Using Docker daemons, package a writable container layer over your Docker image. The container will then be assigned a container ID on completing this process. The Docker container created can then be run in different environments.
If you want to run Docker images at scale, multiple containers can be run in clusters and managed by an orchestration engine.
What are the advantages of using Docker?
Containerization has been adopted widely in software development and Docker, a containerization engine, has become ubiquitous to containers. Despite there being several other container technologies, Docker comes with valuable advantages.
- Docker containers are portable. Unlike LXC containers, Docker containers are designed to run across any environment, desktop, cloud, or others without first modifying it based on the build once, run anywhere concept. Images are stored in the Docker Hub or Docker Trusted Registry (DTS). Images can be retrieved from these registries and run on any platform on which the registry can be accessed. For example, applications can seamlessly be moved from production, staging, to deployment environment using Docker.
- Faster software build and deployments. On average, Docker developers ship code seven times more frequently compared to their counterparts who do not use Docker. This is because containers are lightweight and require minimum runtime.
- Docker enables version control and component reuse. Docker in itself is not a version control tool. Yet it is possible to track subsequent versions of a Docker image and roll back to previous versions in case of bugs and inconsistencies thanks to its layered structure. Also, existing Docker images can be used as base images when building new containers.
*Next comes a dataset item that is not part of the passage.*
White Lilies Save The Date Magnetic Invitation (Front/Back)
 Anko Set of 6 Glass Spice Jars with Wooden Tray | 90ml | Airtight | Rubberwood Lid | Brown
- Docker enables standardization of application operations. Deploying and running applications inside containers makes it easy to pick up bugs and roll back to fix them.
- Automated build. Docker is a service model for SaaS and PaaS platforms and has been used widely to automate systems and streamline operations. Docker can be automated to build images and run them in containers automatically using an automated script.
- Cost-effective scalability. As we have already seen, Docker can be used to build, deploy, and run images at scale while still offering the advantage of lightweight images and faster deployments to reduce overheads.
Docker is core to application and platform development
To begin with, Docker containers make it fast and easy to build, deploy, and run standardized code and distributed microservice architectures, and establish streamlined systems and applications. In addition, it has also enhanced continuous integration and continuous delivery (CI/CD) pipelines in software development methodologies like DevOps. Further, Docker has proved useful for big data processing even with Docker container-based systems in the cloud becoming the norm in the big data analytics field.
Finally, in an era of digital transformation where many enterprises are shifting their operations and applications into the cloud, Docker is more than handy. Currently, over 11 million developers have adopted Docker to reflect the usefulness of Docker in software development.